SQL Distinct comma delimited list

  • Hi

    I am trying to create a comma delimted list of names in a table using the below query

    DECLARE @listStr VARCHAR(MAX)

    SELECT @listStr = COALESCE(@listStr+',' ,'') + Name

    FROM Production.Product

    SELECT @listStr

    This works fine, however the list does contain duplicates

    Can anyone advise how I would make this 'distinct' so the list does not contain duplicates

    thanks

    simon

  • DECLARE @listStr VARCHAR(MAX)

    SELECT @listStr = COALESCE(@listStr+',' ,'') + Name

    FROM (SELECT DISTINCT Name FROM Production.Product) d

    FOR XML PATH is also worth a look.

    β€œWrite the query the simplest way. If through testing it becomes clear that the performance is inadequate, consider alternative query forms.” - Gail Shaw

    For fast, accurate and documented assistance in answering your questions, please read this article.
    Understanding and using APPLY, (I) and (II) Paul White
    Hidden RBAR: Triangular Joins / The "Numbers" or "Tally" Table: What it is and how it replaces a loop Jeff Moden

  • Easiest way

    DECLARE @listStr VARCHAR(MAX)

    SELECT @listStr = COALESCE(@listStr+',' ,'') + Name

    FROM Production.Product

    GROUP BY Name

    SELECT @listStr

    πŸ™‚

  • ksatpute123 (7/24/2013)


    Easiest way

    DECLARE @listStr VARCHAR(MAX)

    SELECT @listStr = COALESCE(@listStr+',' ,'') + Name

    FROM Production.Product

    GROUP BY Name

    SELECT @listStr

    πŸ™‚

    Yep, does look like. However...

    Correct concatenation of string values (eg. accumulating of numeric values) using "SELECT @var = @var + Col FROM Table" costruction is not guaranteed in SQL Server!

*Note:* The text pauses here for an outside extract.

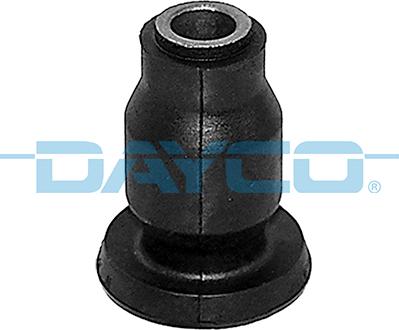 Dayco DSS1812 - Сайлентблок, рычаг подвески колеса autospares.lv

    Most of times, simple select will work. Having GROUP BY (as well as using JOINS) increases probability that accumulated value will not be correct. Selecting from sub-query with DISTINCT could be a bit safer option.

    One of the reasons why all of the above ways may produce wrong results - query parallelising.

    Could be some more reasons there too, that why OPTION (MAXDOP 1) may still not help...

    I'm aware of only two ways of doing it safely with strings:

    1. aggregate CLR function

    2. using FOR XML PATH

    _____________________________________________
    "The only true wisdom is in knowing you know nothing"
    "O skol'ko nam otkrytiy chudnyh prevnosit microsofta duh!":-D
    (So many miracle inventions provided by MS to us...)

    How to post your question to get the best and quick help[/url]

  • Here's another way... it's kind of a "Quirky-Coalesce":

    -- sample data

    DECLARE @Production_Product TABLE (name varchar(10));

    INSERT INTO @Production_Product VALUES ('aaa'),('bbb'),('ccc'),('ccc');

    DECLARE @listStr varchar(max)='';

    SELECT @listStr=@listStr+

    CASE

    WHEN @listStr='' THEN ''+name

    ELSE ','+name

    END

    FROM (SELECT DISTINCT name FROM @Production_Product) AS xxx

    SELECT @listStr;

    GO

    This will produce the same query plan as the query that Chris put together but I also included a CASE statement that prevents a leading comma.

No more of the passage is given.